Gold tops $1,500 an ounce

Author: 
KHALIL HANWARE & MD RASOOLDEEN | ARAB NEWS
Publication Date: 
Thu, 2011-04-21 01:02

"The reason for the sudden increase in prices is due to a sudden jump in the price of gold which has finally exceeded $1,500 per ounce," a gold merchant from Dream Jewelry told Arab News. He predicted that the prices would continue to rise till it reaches $1,600 per ounce.
Gold coins are currently sold in the Kingdom at SR1,360 per eight grams. He said although the current selling price of gold per gram is SR168, gold jewelry prices could vary depending on design.
K. Moidu, manager of Atlas Jewelry, said that most of the gold shops in downtown Riyadh have their own factories in the industrial area in the suburb of the capital. "Items of gold jewelry are made according to the specifications of customers.” Therefore, he added, they have different prices according to the design despite the fact that their weight remains the same from one jewelry item to another.
Citing reasons for the rush in gold shops, a salesman said: "Buyers are coming to the shops anticipating a further rise in prices in the coming weeks, while the sellers want to make money out of the old jewelry they have bought earlier at a cheaper price."
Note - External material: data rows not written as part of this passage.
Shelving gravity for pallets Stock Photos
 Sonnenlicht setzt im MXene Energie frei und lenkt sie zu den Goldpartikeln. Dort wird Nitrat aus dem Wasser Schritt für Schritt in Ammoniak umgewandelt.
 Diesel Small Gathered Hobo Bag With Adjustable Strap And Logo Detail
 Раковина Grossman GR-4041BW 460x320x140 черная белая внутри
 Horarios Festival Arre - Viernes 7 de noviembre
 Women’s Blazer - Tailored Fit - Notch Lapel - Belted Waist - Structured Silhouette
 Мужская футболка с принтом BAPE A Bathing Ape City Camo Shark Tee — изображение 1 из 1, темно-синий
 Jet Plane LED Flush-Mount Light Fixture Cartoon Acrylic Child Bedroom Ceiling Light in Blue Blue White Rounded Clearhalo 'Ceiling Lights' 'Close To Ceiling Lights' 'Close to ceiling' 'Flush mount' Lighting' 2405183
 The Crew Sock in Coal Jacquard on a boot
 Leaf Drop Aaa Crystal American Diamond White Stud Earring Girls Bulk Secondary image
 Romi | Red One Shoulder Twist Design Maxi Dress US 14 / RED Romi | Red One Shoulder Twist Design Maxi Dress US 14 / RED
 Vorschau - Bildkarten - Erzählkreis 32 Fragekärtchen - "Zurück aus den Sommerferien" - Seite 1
Retail prices for 24-carat gold in the UAE reached 180 dirhams per gram for the first time ever, and silver kilo bars surged to 5,347 dirhams.
“The surge in gold prices shows that due to lack of confidence in the stock markets because of economic uncertainty globally and in the region, investors are shifting to gold as a safe haven,” Faisal Alsayrafi, managing director and CEO of the Financial Transaction House (FTH), said.
A second day of deep losses for the dollar and near 2 percent gains in oil and grain markets that fueled further inflation concerns also buoyed bullion, which once again rose in tandem with riskier assets like equities as investors shifted their focus from gold's role as a safe-haven play to its potential as a store of value, Reuters reported.
"Concerns about the debt positions of Europe and the US and inflation in much of the world are driving demand for gold. These factors are likely to linger, which could push prices higher, though the extent of the rise in prices to date may limit the scope for more advances," Paul Gamble, head of research at Jadwa Investment, said.
Spot gold rose to an all-time high of $1,505.70 an ounce. It was later up 0.6 percent at $1,503.30 by 1550 GMT, having risen almost 4 percent over the past eight days. Silver also hit a fresh 31-year high of $44.80 an ounce.
Gold has notched new records for four consecutive days, aided in large part by Monday's threat of a downgrade to the United States' triple-A credit rating and lingering euro zone debt worries that have depressed the dollar.
Standard & Poor's said Monday it might cut its long-term rating on the United States within two years, unless Washington can rein in its budget deficit.
If it were to do so, the dollar may come under pressure, impacting currency markets and economic stability throughout the world — a perfect recipe for higher gold prices.
"Gold has been acting as a currency in its own right, and that is why we are up at $1,500," Reuters quoted Simon Weeks, head of precious metals at the Bank of Nova Scotia, as saying.
Buying in the Asian countries is being fueled by rising consumer incomes and higher inflation, against which gold is traditionally seen as a hedge. Both China and India reported higher than expected inflation last week.
While gold investors in Western markets have been motivated chiefly by risk aversion in recent years, the precious metal is a much more deeply established asset in Asia. India and China are by far the world's biggest bullion consumers.
According to a report from Standard Chartered bank, gold prices could reach $2,100 per ounce by 2014 and possibly as high as $5,000 by the end of the decade. The bank said gold prices are yet to hit the super cycle as demand from the emerging economies like China and India will scale to peak levels later in the current decade.